Resmi Diterjunkan, 776 Peserta KKN UNISNU JEPARA Siap Mengabdi di Masyarakat

Unisnu Jepara – Salah satu bentuk Tridharma Perguruan Tinggi di tengah masyarakat adalah lewat pengabdian. Kuliah Kerja Nyata (KKN) merupakan salah satu sarananya, dimana mahasiswa ditempa akan kemampuannya untuk beradaptasi dan bersosialisasi secara terprogram.

Universitas Islam Nahdlatul Ulama Jepara (UNISNU JEPARA) terjunkan 776 mahasiswa peserta KKN, mulai pekan ini. Ada 51 kelompok/desa di beberapa wilayah di Jawa Tengah yang bakal ditempati untuk manjalankan program Kuliah Kerja Nyata (KKN) selama kurang lebih 40 hari.

Penerjunan KKN ke-XVI tingkat Universitas dilaksanakan pada Kamis, (19/1/2023) pagi bertempat di Gedung MWC NU Tahunan yang berada di kompleks kampus UNISNU JEPARA.


Menempati 6 Kabupaten sebagai lokasi KKN, diantaranya yakni, Jepara, berlokasi di Kecamatan Pakis Aji, Kembang, Kedung, Keling, Mayong. Sedangkan lainnya berlokasi di Kabupaten Demak, Kudus, Pati, Rembang, dan Kabupaten Semarang.

Selanjutnya tim KKN akan menyusun 2 program, yakni Program Pengabdian Berbasis Kemitraan, dan Program Kolaborasi.

Penerjunan turut dihadiri Rektor JEPARA, Dr. H. Sa’dullah Assa’idi, M.Ag., para wakil rektor, para dekan, jajaran pimpinan UNISNU JEPARA, panitia, dan seluruh peserta KKN ke-XVI. Acara diawali dengan beberapa rangkaian sesi pembukaan, dan secara simbolis melepas peserta KKN dengan penyematan atribut KKN.


Kepala LPPM UNISNU JEPARA, Dr. Sisno Riyoko, , S.E., M.M. juga sekaligus mewakili segenap panitia pelaksana KKN melaporkan beberapa hal terkait kegiatan kali ini.

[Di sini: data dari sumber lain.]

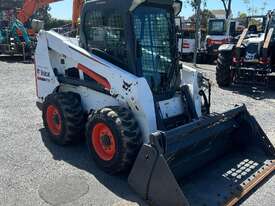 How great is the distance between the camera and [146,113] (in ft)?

Kegiatan mengangkat tema “Meneguhkan Peran Kader Aswaja An-Nahdliyyah dalam Pemberdayaan Masyarakat”.

Hal ini menjadi spirit mahasiswa UNISNU JEPARA agar benar-benar menjadi kader Aswaja, mengabdi di tengah masyarakat selaras dengan momen besar NU dalam waktu dekat ini yakni Peringatan 1 Abad NU.

Sementara itu, Rektor UNISNU JEPARA berpesan kepada seluruh peserta KKN, agar bisa memanfaatkan momen baik ini untuk memberdayakan masyarakat utamanya warga Nahdliyyin. Hal itu bisa diwujudkan melalui pengembangan UMKM, pelatihan dan workshop. Juga dengan cara memberikan pemahaman agama, serta menjadikan insan kader Aswaja An-Nahdliyyah yang moderat dengan memegang teguh nilai-nilai kearifan lokal di daerah.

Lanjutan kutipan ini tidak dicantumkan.